Upon Cindy's formation as a tropical depression, the government of Mexico issued a tropical storm warning from Punta Allen to Chetumal. The NHC later issued tropical storm warnings for the northern Gulf Coast between Intracoastal City, Louisiana, and Destin, Florida. Because it was not forecast to intensify into a hurricane, the NHC did not issue hurricane warnings. Oil companies evacuated employees from six oil rigs and 23 petroleum production platforms offshore in the open Gulf of Mexico. The price of oil rose to $60.10 a barrel due to the disruptions from the storm. In New Orleans, both the Louis Armstrong International Airport and Amtrak temporarily suspended regular air and train service, respectively. Recreational vehicles were told to leave Grand Isle in case a full-scale evacuation was needed. Officials in Lafourche and Plaquemines parishes advised residents to evacuate if they were not protected by levees. In Mississippi, jail inmates filled sandbags, which would be distributed to flood-prone areas throughout the state. In Mobile County, Alabama, summer schools were closed during the storm.

== Impact ==
In its formative stages, Cindy produced heavy rainfall across the Yucatán Peninsula, with a peak 24-hour rainfall total of 71 mm recorded in Cancún. The effects were greatest in the United States, where Cindy's damage was estimated at US$320 million.

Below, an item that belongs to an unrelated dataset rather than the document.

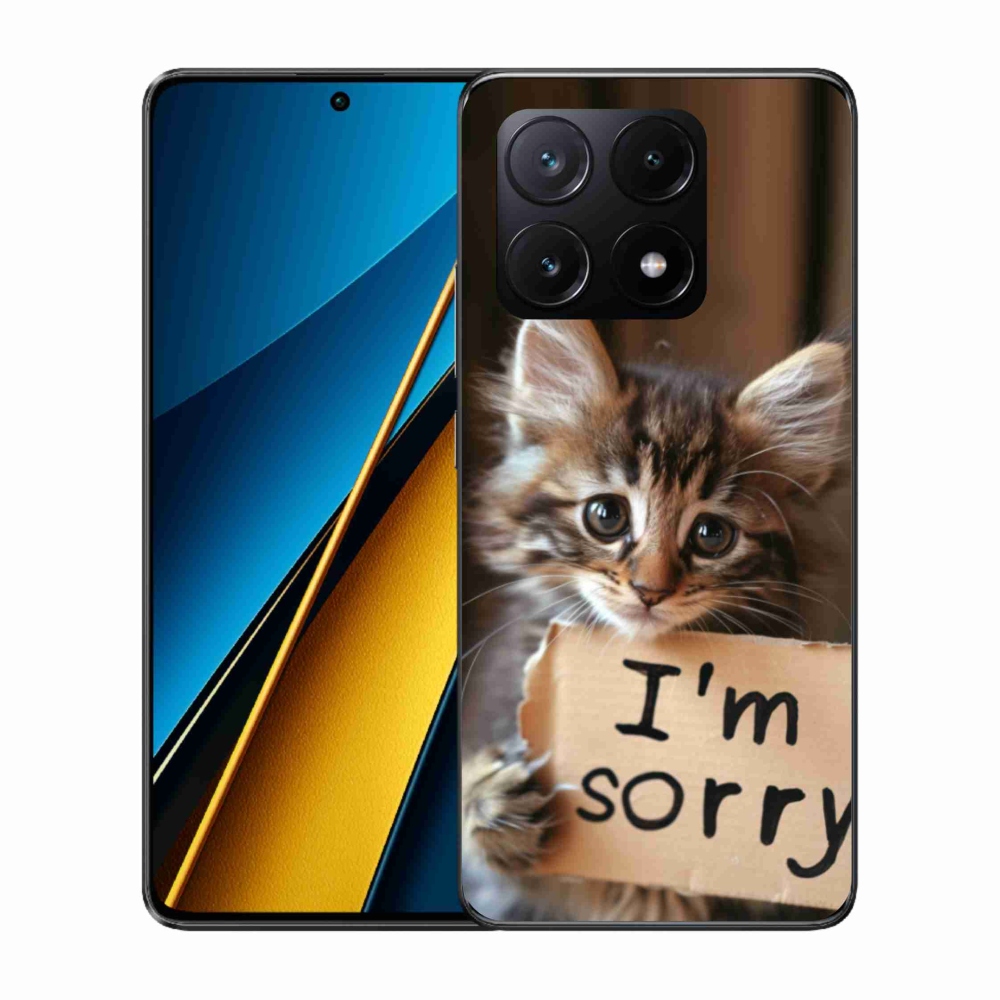Gélový kryt mmCase na Xiaomi Poco X6 Pro 5G - mačacie ospravedlnenie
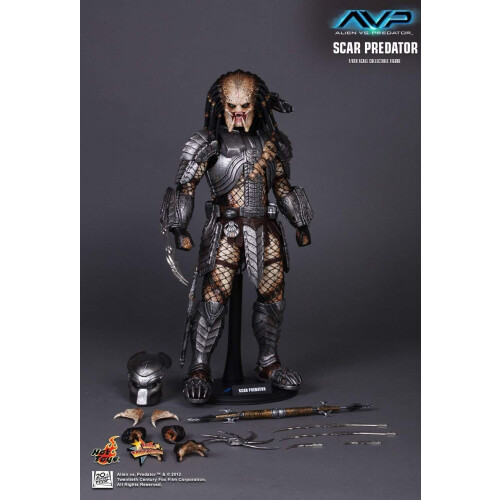 Hot Toys Figur Hot Toys MMS190 - Alien VS. Predator - Scar Predator 1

As it moved ashore, the hurricane affected the coastal areas of the northern Gulf of Mexico with a storm surge, or rise in water, with a maximum reading of 6.20 ft recorded at Ocean Springs, Mississippi, and a maximum tidal reading of 7.1 ft recorded at Fort Morgan, Alabama. New Orleans's Lakefront Airport recorded gale-force winds for five and a half hours, with a maximum gust of 70 mph (113 km/h). An offshore oil rig, the South Timbalier, recorded wind gusts of 100 mph (161 km/h). Cindy produced rainfall from Louisiana to as far northeast as Maine. Across the southeastern United States, Cindy's strong winds knocked down trees and power lines, affecting about 278,000 people across New Orleans, as well as 35,000 residences in Alabama and 7,000 in both Florida and Mississippi. Six deaths were attributed to Cindy, all related to vehicle accidents. A driver in Tibbie, Alabama, crashed after losing control on rain-slick roads. A driver in Peachtree City, Georgia, drowned in a ditch, and a driver on Interstate 20 hydroplaned and crashed. Two people died in Frederick County, Maryland, when their vehicle struck a guardrail during heavy rainfall. A driver died in Crownsville, Maryland, after crashing into a fallen tree.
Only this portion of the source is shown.